_WHAT TO WORK ON_
Copy out the full listing below as it stands, with its pictures left behind.

_SOURCE DATA_
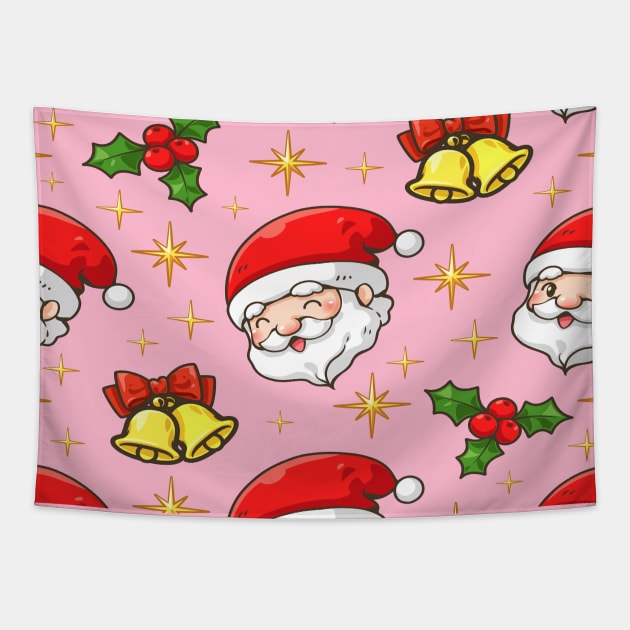 Cute Cheerful Santa Pattern Tapestry by DragonTees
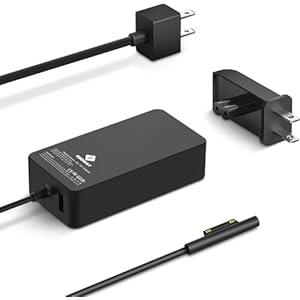 Surface Pro Charger 65W, Surface Laptop Charger for Microsoft Surface Pro 9/8/7+/7/6/5/4/3 Surface Laptop 5/4/3/2/1/Studio, Surface Book 2/1, Surface Go 3/2/1 Support 44W, 36W,6FT Power Cord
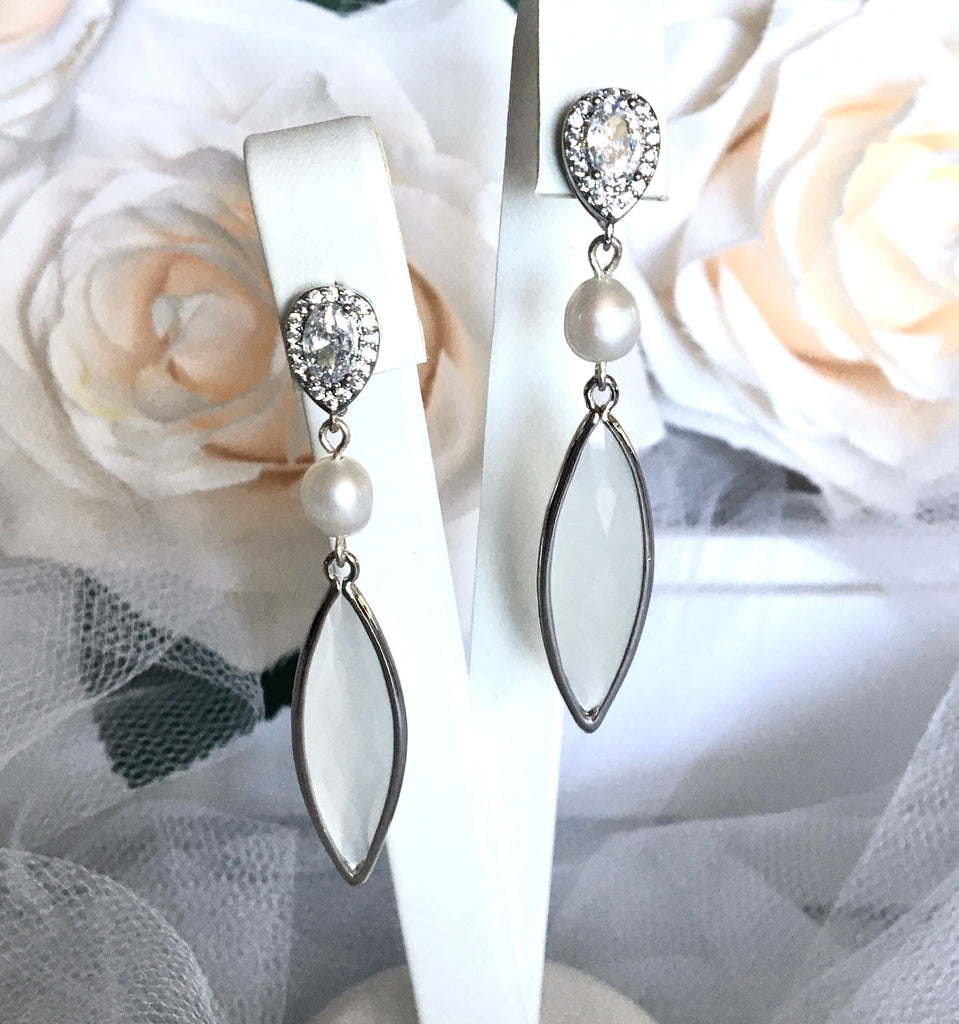 Wedding Jewelry - Natural Pearls and White Opal Bridal Earrings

_ANSWER AREA_
 Cute Cheerful Santa Pattern Tapestry by DragonTees
 Surface Pro Charger 65W, Surface Laptop Charger for Microsoft Surface Pro 9/8/7+/7/6/5/4/3 Surface Laptop 5/4/3/2/1/Studio, Surface Book 2/1, Surface Go 3/2/1 Support 44W, 36W,6FT Power Cord
 Wedding Jewelry - Natural Pearls and White Opal Bridal Earrings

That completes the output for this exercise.